Том 8. Статьи, рецензии, очерки | страница 61
Мне кажется, я не ошибаюсь: в этом образе, который Толстой-художник подарил Толстому-мыслителю, и в стремлении мыслителя развернуть в конкретных формах навеянное сном ощущение благодатной душевной гармонии, приобщив к ней всех людей, — в этом весь закон и пророки Толстого-мыслителя и моралиста. Здесь его поразительная временами сила и не менее поразительная слабость.
Сила — в критике нашего строя с точки зрения якобы признаваемых этим строем христианских начал. Слабость — в неумении самому ориентироваться в запутанностях этого строя, из которого он желает нам указать выход. Если бы действительно иудей первого века, слышавший живую речь Христа, каким-нибудь чудом очутился теперь среди нас, то очень вероятно, что, ошеломленный сложностью нашей жизни и ее ужасами, он сказал бы нам приблизительно то же, что и Толстой: братья, уйдем отсюда в пустыню, где жизнь проще и добрее, и, когда на холм взойдет великий Учитель, ваша скорбь и ваше смятение стихнет. Увы! — он не знал бы, что этот холм существует уже только в сновидении, что в действительности от него уже не осталось и следа, что по тому месту проложены, быть может, рельсы и поезд несет туда за деньги людей, каждый шаг которых в святой земле должен быть оплачен теми же деньгами… Так как каждый клочок святой земли служит источником алчного дохода…

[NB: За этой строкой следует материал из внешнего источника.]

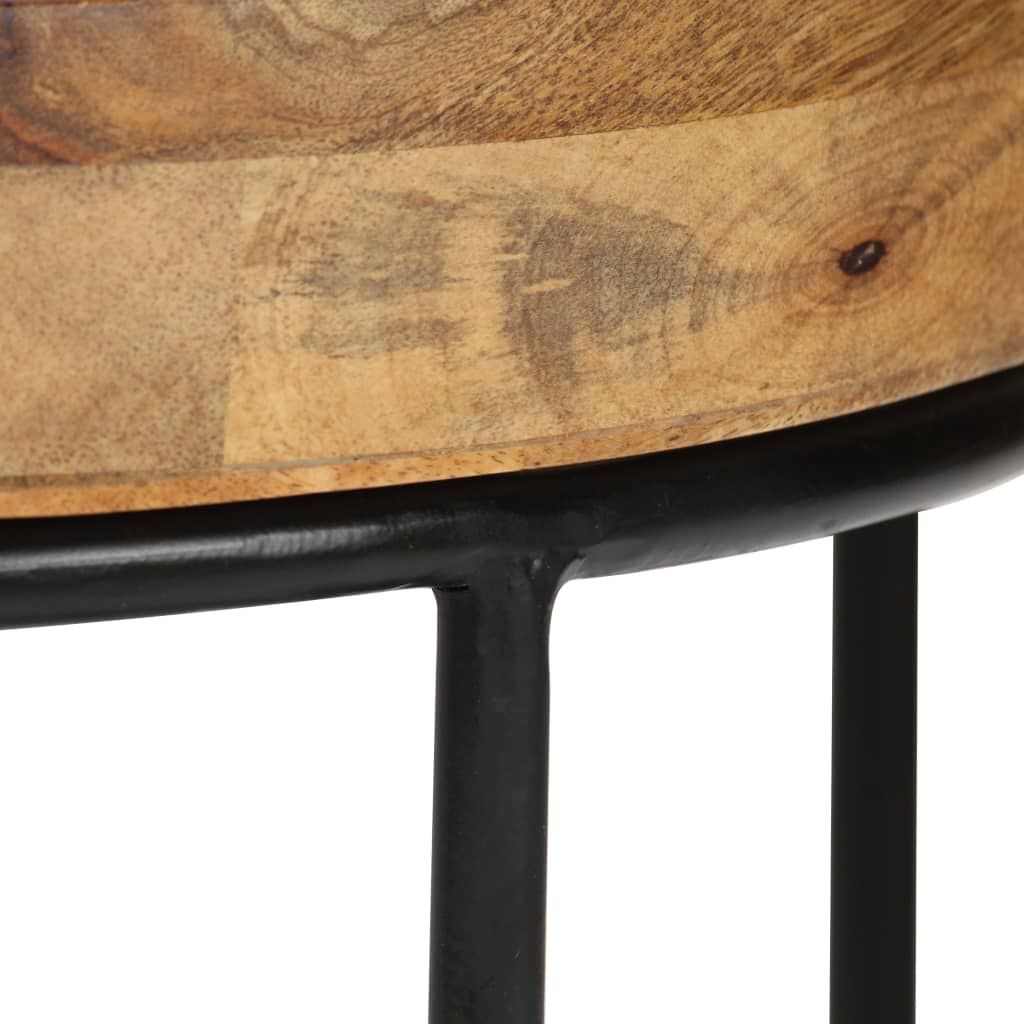 Table Basse en Bois de Manguier et Acier-La-Fabrique-Industrielle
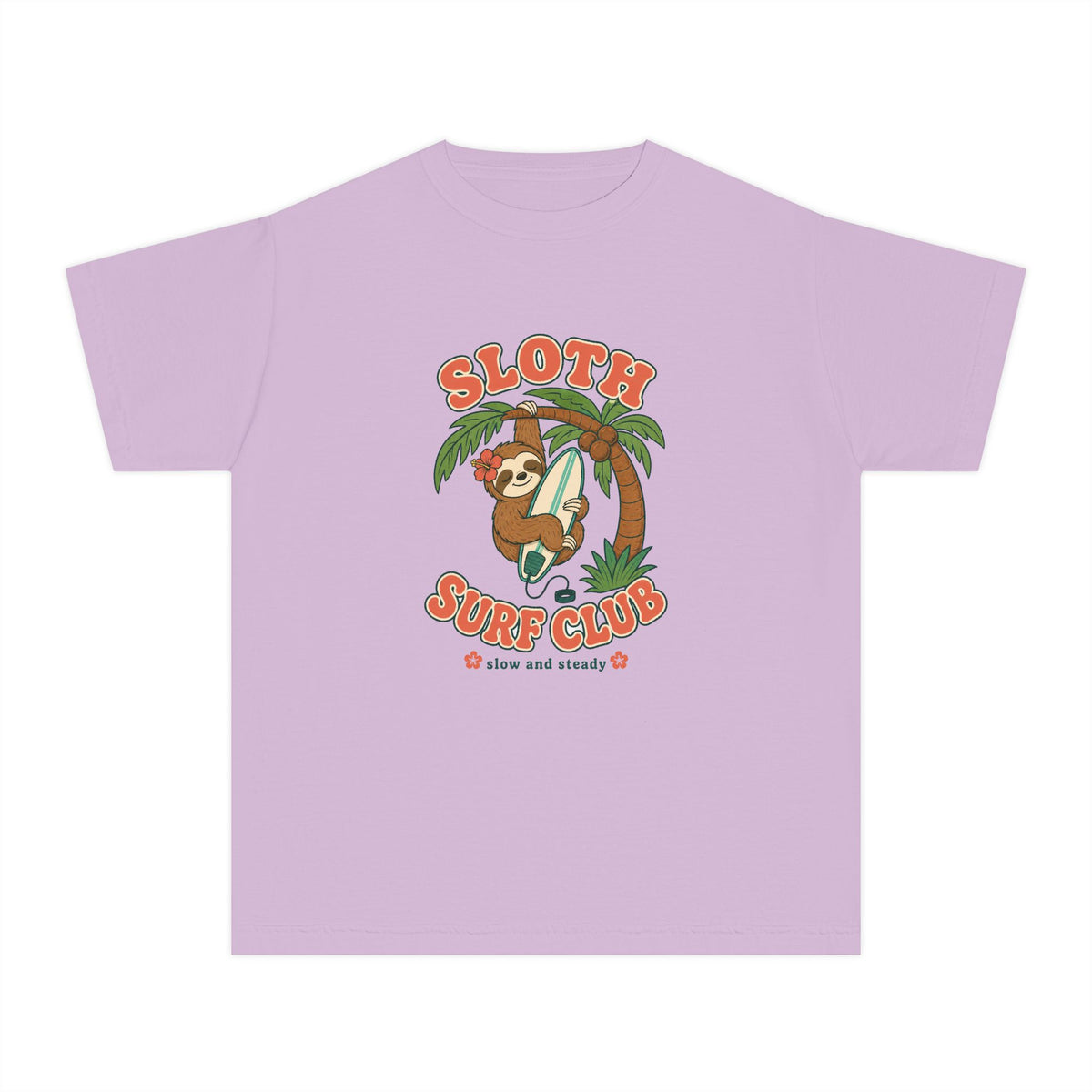 Sloth Surf Club Kids Tee | Sloth Kids Shirt | Youth Beach T-Shirt | Surf Kid Gift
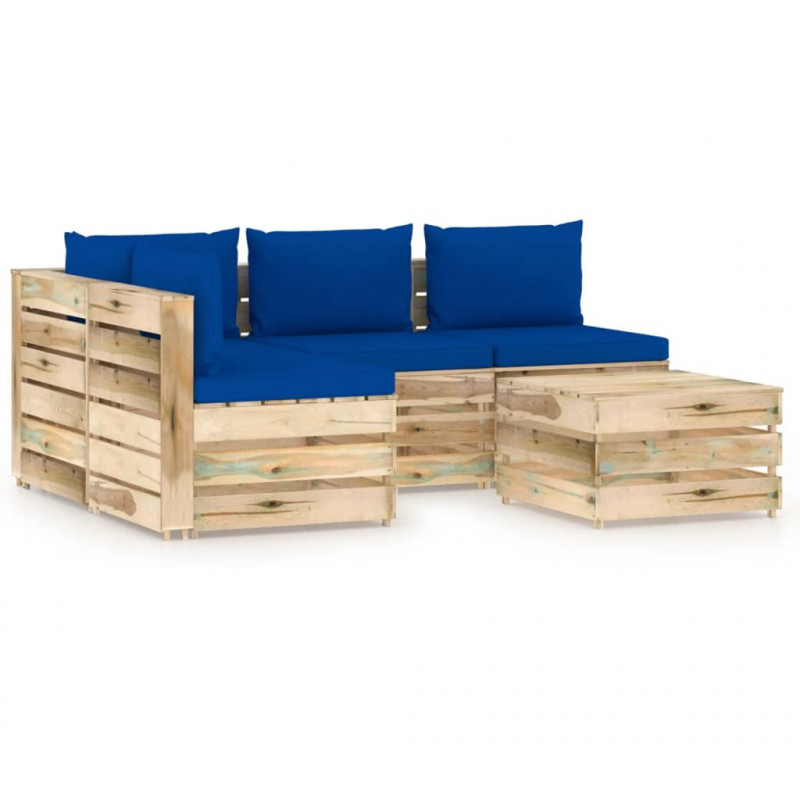 5-tlg. Garten-Lounge-Set Konani mit Kissen Grün Imprägniertes Holz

Когда сам Толстой со своей мечтой, навеянной чудным сновидением, выходит на городскую улицу XX века, — он беспомощен и наивен совершенно в той же степени, как наш предполагаемый выходец из первого века. Иллюстраций сколько угодно — мы возьмем одну из области борьбы великого писателя с деньгами…
Тот, кто в знойной пустыне водворил простыми словами мир в его душу, охваченную отчаянием и смятением, сказал, между прочим, великие слова: «просящему дай» и «если имеешь две одежды, одну отдай нищему». Заповедь простая, которую, по-видимому, нужно только пожелать исполнить, а программа исполнения ясна: «иди и раздай имение нищим».
Что же? У Толстого не хватило желания? Как известно, этот пункт является одним из наиболее благодарных для личных нападок на тему притчи о богатом юноше и об игольном ухе. Чужая душа, разумеется, потемки, но мне кажется, что та точка зрения, какую я пытаюсь установить в этой, быть может, слишком беглой и торопливой заметке, исключает в очень значительной степени мелкое зоильство и злорадное торжество при виде «противоречия между словом и делом» в практике этого прямого и искреннего человека.